:: Task item ::
Restate every line below word for word, but drop each picture.

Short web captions
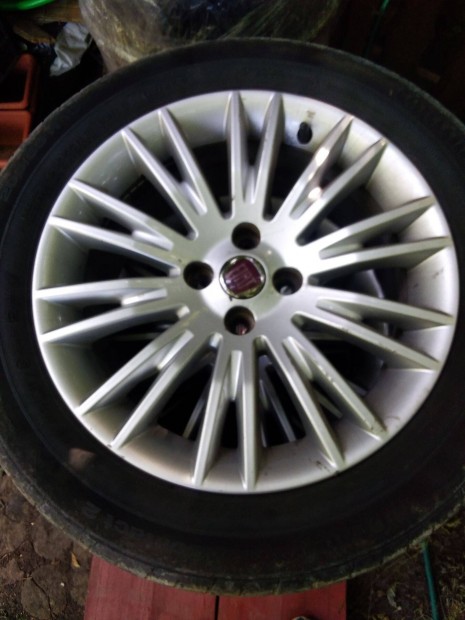 Grande Punto 16" felni eladó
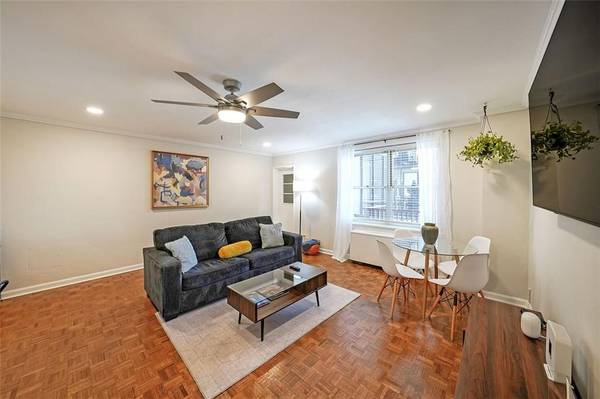 300 Peachtree ST NE #14H, Atlanta, GA 30308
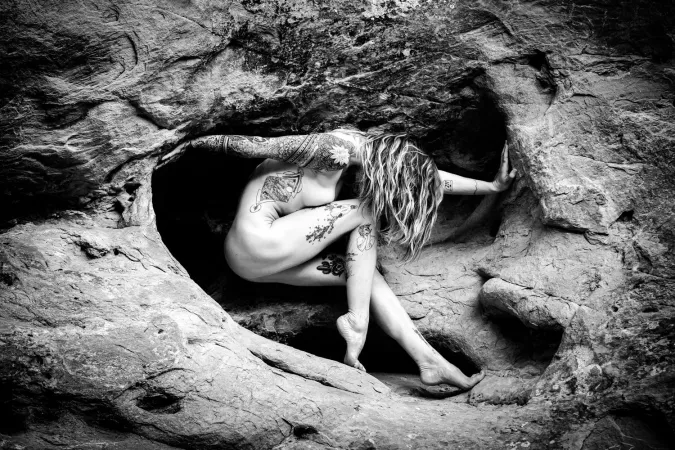 Down in a hole. Feeling so small🖤 by the-real-slim-cadi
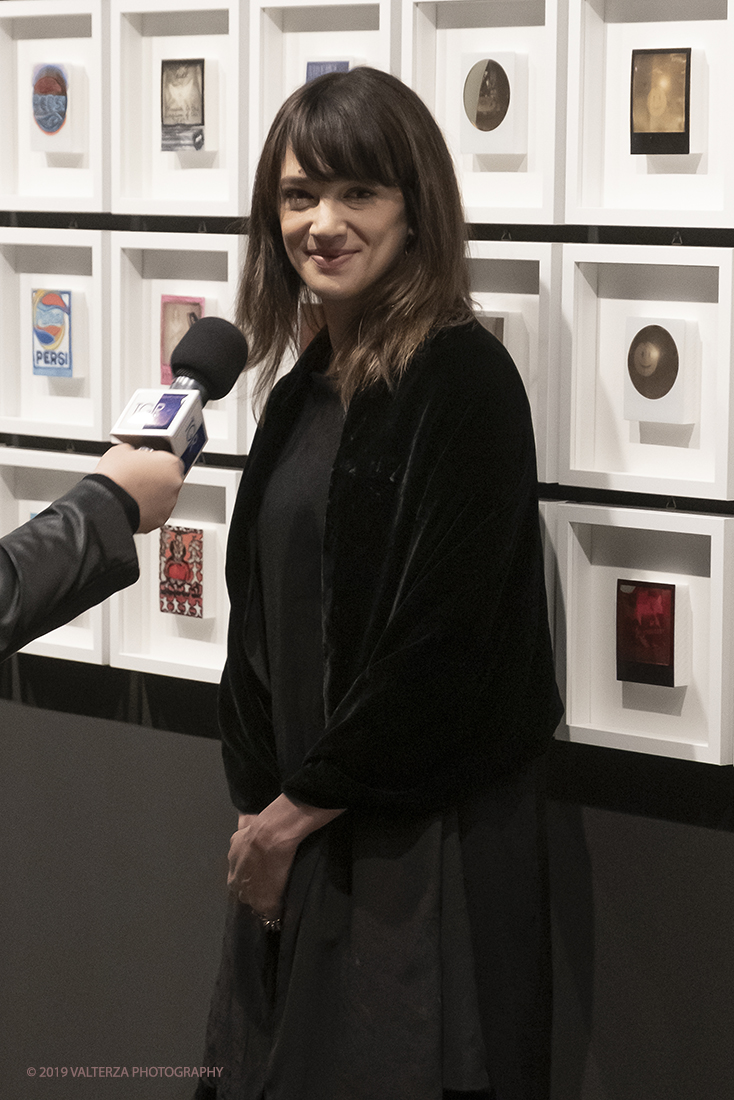 DSCF1532.jpg - 23/04/2019. Torino,  le fotografie realizzate  da Asia Argento esposte al Museo Nazionale del Cinema. Nella foto Asia Argento impegnata in una intervista.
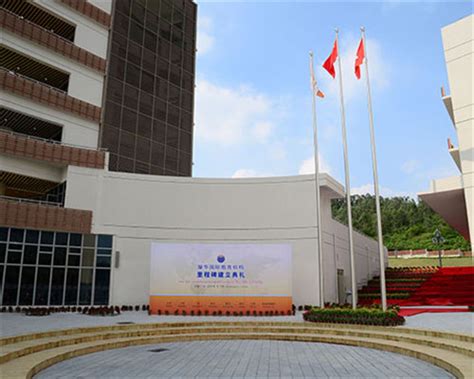 耀华国际教育学校北京校区初中课程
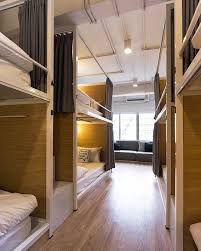 子ども部屋用アイディア備忘録 複数ならべた造作ロフトベッドとその下の多目的スペース ロフト デザイナー ベッドルームのデザイン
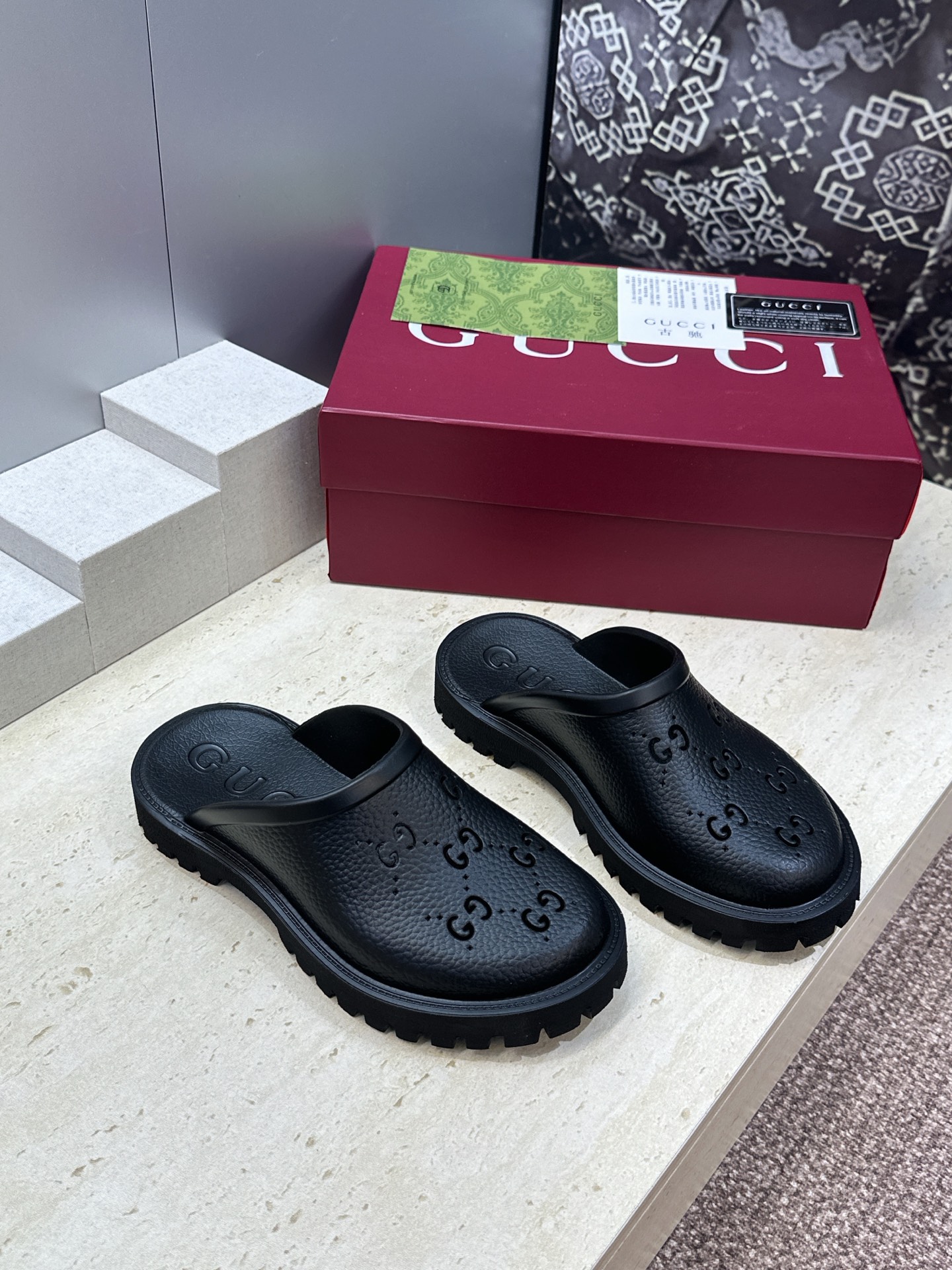 GUCCI 古驰  2026春夏情侣系列新款休闲沙滩女鞋  G家字母logo低跟圆头露趾穆勒凉拖鞋 Size：女码 35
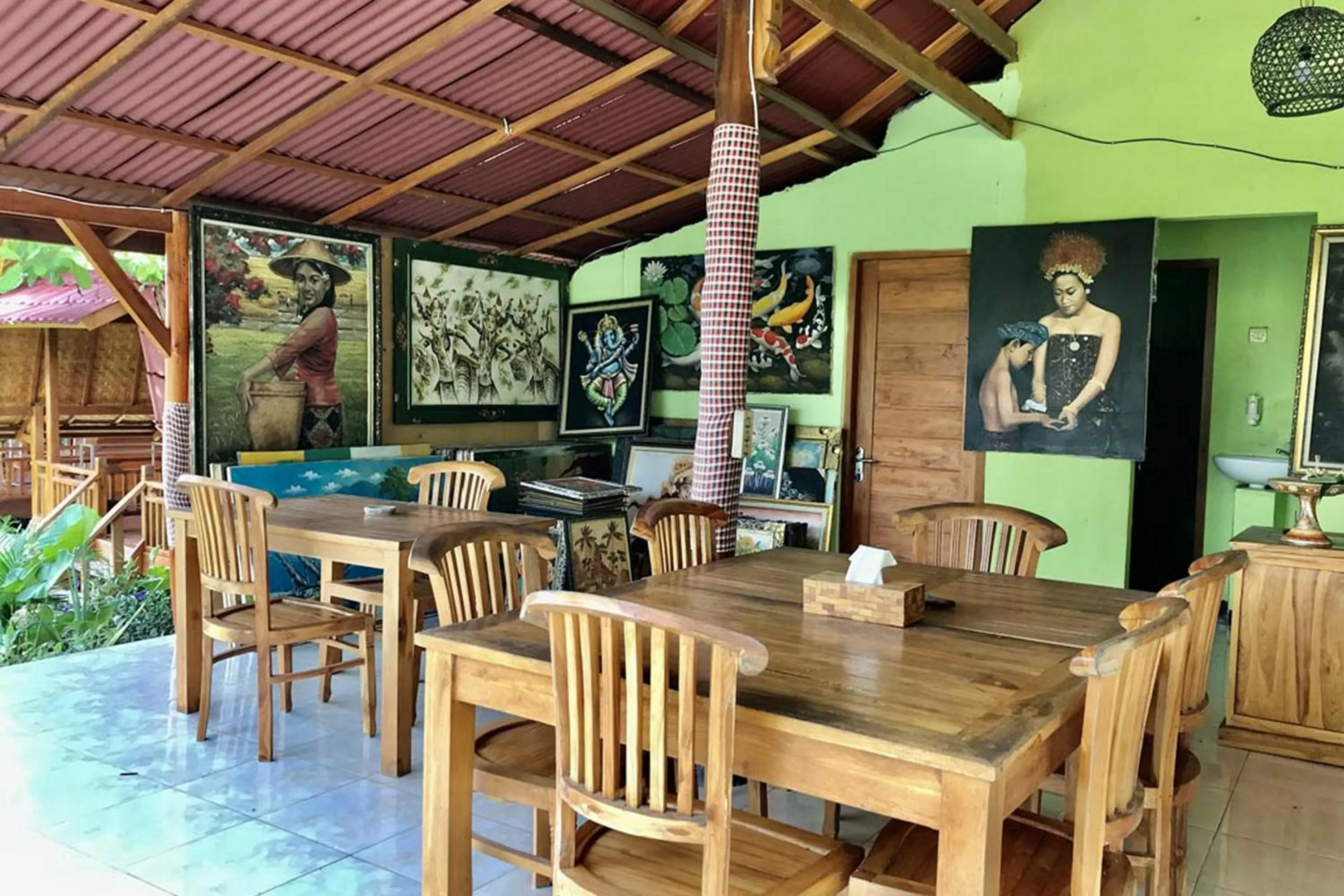 Restaurant/places to eat in Kubu Sental Cottage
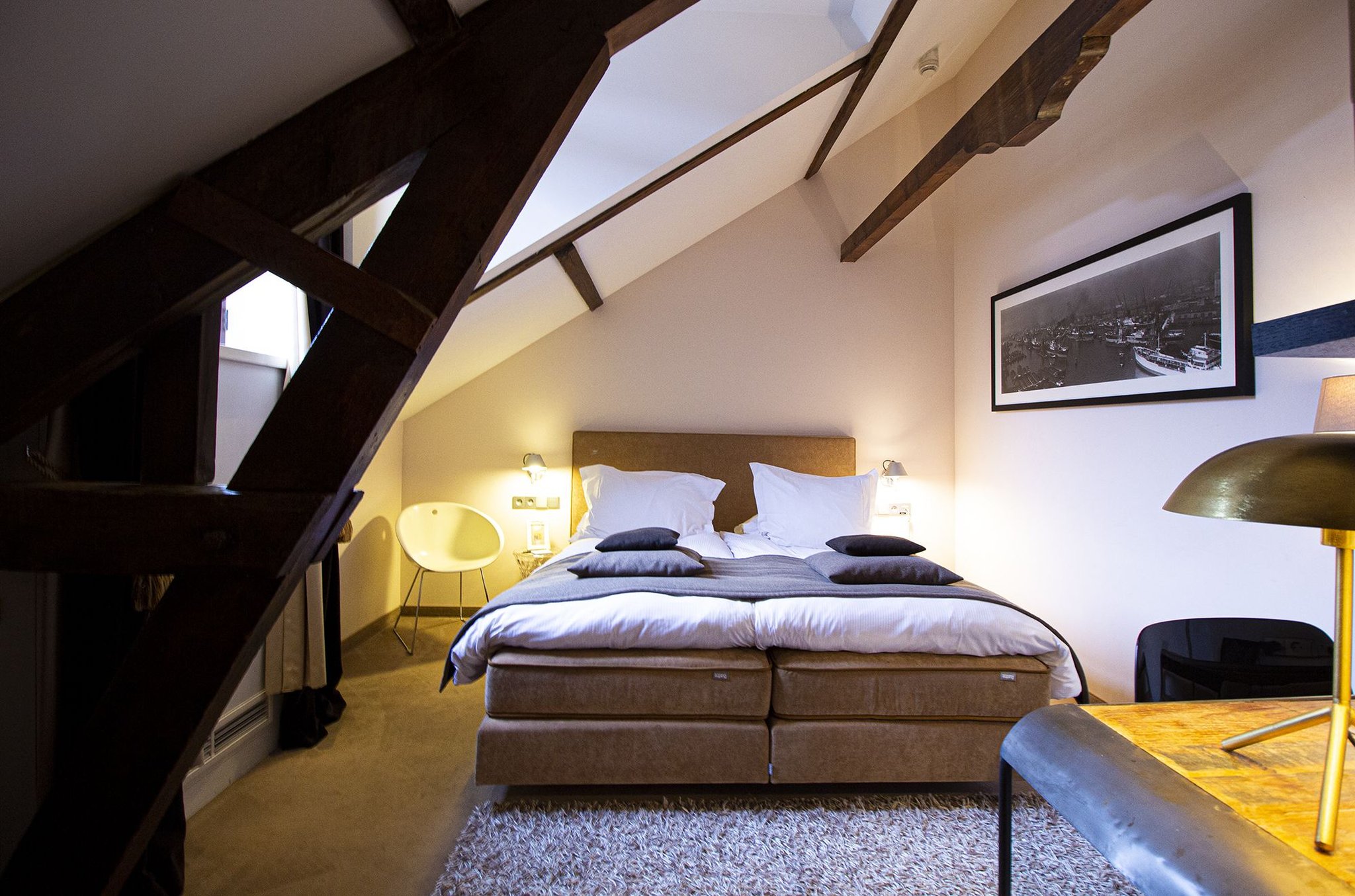 STANDARD, DOUBLE BED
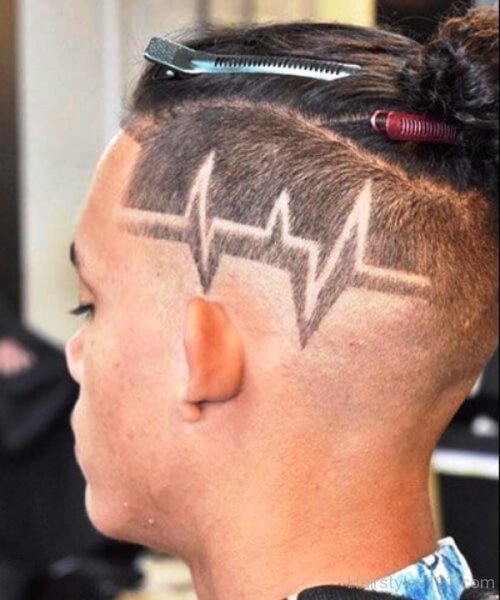 Фигурный выстриг волос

:: Task response ::
 Grande Punto 16" felni eladó
 300 Peachtree ST NE #14H, Atlanta, GA 30308
 Down in a hole. Feeling so small🖤 by the-real-slim-cadi
 DSCF1532.jpg - 23/04/2019. Torino,  le fotografie realizzate  da Asia Argento esposte al Museo Nazionale del Cinema. Nella foto Asia Argento impegnata in una intervista.
 耀华国际教育学校北京校区初中课程
 子ども部屋用アイディア備忘録 複数ならべた造作ロフトベッドとその下の多目的スペース ロフト デザイナー ベッドルームのデザイン
 GUCCI 古驰  2026春夏情侣系列新款休闲沙滩女鞋  G家字母logo低跟圆头露趾穆勒凉拖鞋 Size：女码 35
 Restaurant/places to eat in Kubu Sental Cottage
 STANDARD, DOUBLE BED
 Фигурный выстриг волос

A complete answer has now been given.